Досок было немного, около десятка. Но к ним добавлялся песок, каменная крошка, куски давно прогнившей, рассыпающейся прямо в руках ткани. Платье оказалось упачкано и, скорей всего, спасти его уже не удастся – но это было старое платье, дарёное ещё Тильвой. Его никто не вспомнит и не хватится.
Наконец она смогла посветить вверх и увидела грубые ступени из округлых деревянных балок, трухлявых, но настолько толстых, что ступать на них всё ещё можно было без опаски. Ступени вели полого наверх. Да, на них оставались обломки и мусор, но подниматься-то этот мусор не мешал.
Новый участок тоннеля заканчивался знакомой секретной дверью, очень похожей на ту, что вела в её собственную комнату.
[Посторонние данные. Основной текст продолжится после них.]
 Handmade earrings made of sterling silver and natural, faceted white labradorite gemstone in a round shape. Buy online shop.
Темери нашла выступающий у самого пола камень, и уверенно надавила на него ногой. Если знаешь, что делаешь, то не тратишь время на рассуждения. Она лишь убедилась, глянув сквозь потайное оконце, что за дверью совершенная темнота и тишина.
Где-то внутри стены затрещали, напрягаясь, столетние механизмы. Дверь приоткрылась, но не сильно. Впрочем, некрупной Темери пролезть оказалось в самый раз.
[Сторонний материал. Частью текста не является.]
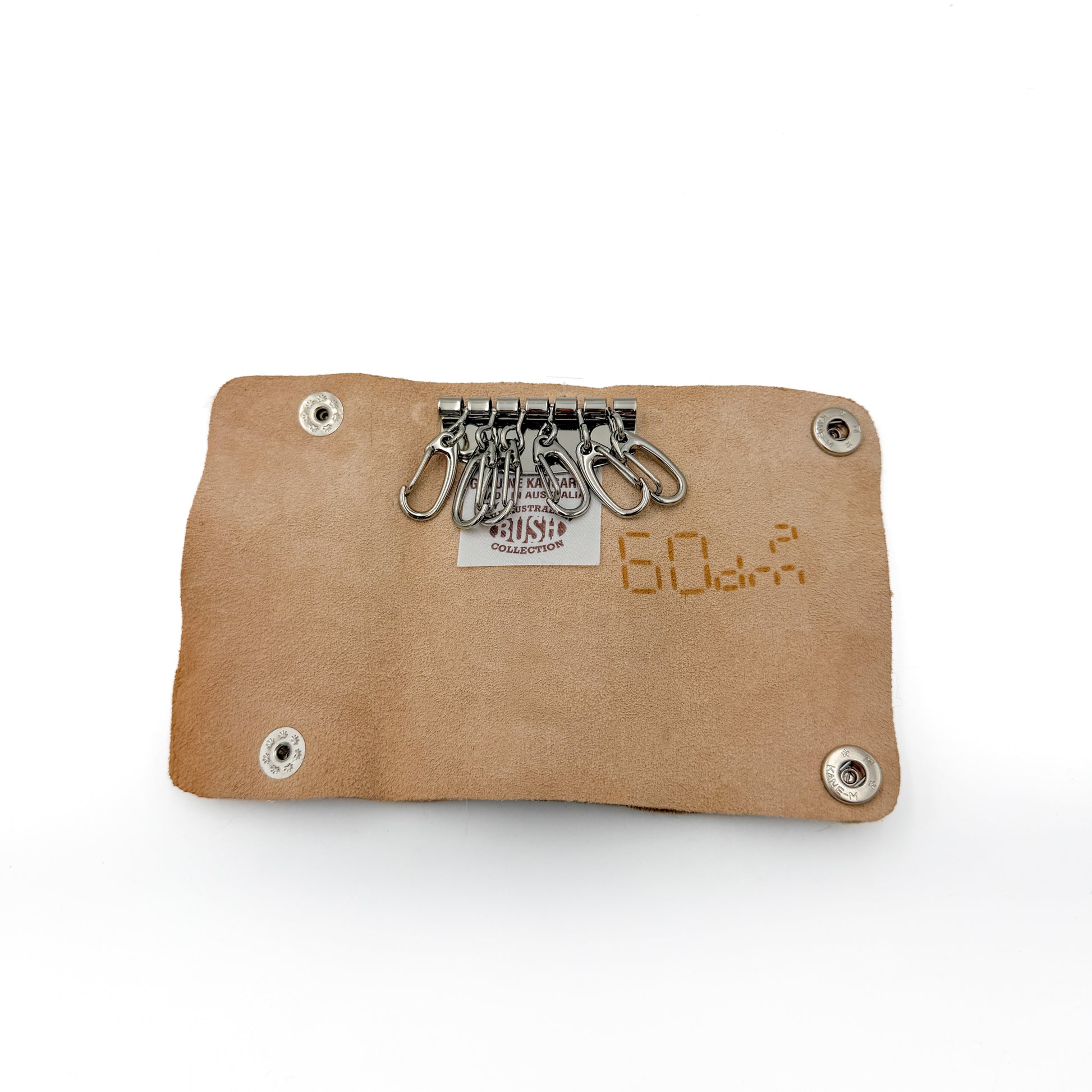 Kangaroo leather keycase open, showing 6 key hooks and the Australian Bush Collection tag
Темери подняла свечу, но всё равно не поняла, где находится. Помещение наполнял холодный свежий воздух, единственным источником света оставалась её свеча.
Большое, просторное помещение, захламлённое старой мебелью, кажется так. Забытый склад. Может, кладовая, в которую снесли на время ремонта или реконструкции ненужные вещи.
Некстати вспомнилось, что им с Кинриком жить отдельно друг от друга осталось несколько дней. Как только рабочие закончат ремонт в прежних покоях наместника, ей придётся перебраться туда…
Сердце стукнуло не в лад. Кинрик неплохой, иногда забавный, иногда слишком увлечённый или серьёзный. Но с дня свадьбы она понимала, что никогда не увидит в нём мужа. Друга, брата, кого угодно – только не мужа.
И если бы не любовное зелье, он тоже это понимал бы. Но теперь… кто знает, что будет твориться у него в голове теперь, когда сиан закончит свою работу?
Темери не хотелось его обижать.
Но выхода из сложившейся ситуации она не видела.
Она стояла у секретного входа и слушала тишину… когда вдруг поняла, что тишина не абсолютна. Тишину нарушал далёкий гул прибоя, кажется, можно было разобрать даже крики чаек. А это неминуемо означало, что сейчас она где-то недалеко от моря. Под набережной?
Верхняя гранитная набережная окаймляет высокий берег, с неё открывается прекрасный вид на бухту. Если идти из Цитадели напрямую, не через городские ворота, то на полдороге в парке будет красивый павильон.
Хотя нет. Павильон сгорел во время осады. Там только развалины. А здесь не ощущается даже намёка на запах гари. После вчерашнего Темери бы обязательно заметила и поостереглась сюда входить.
Запах, надо сказать был. Пахло, как везде в коридорах, сыростью и мышами, но ещё здесь присутствовал и запах водорослей. И если можно так сказать, мыши ощущались куда явственней, чем внизу.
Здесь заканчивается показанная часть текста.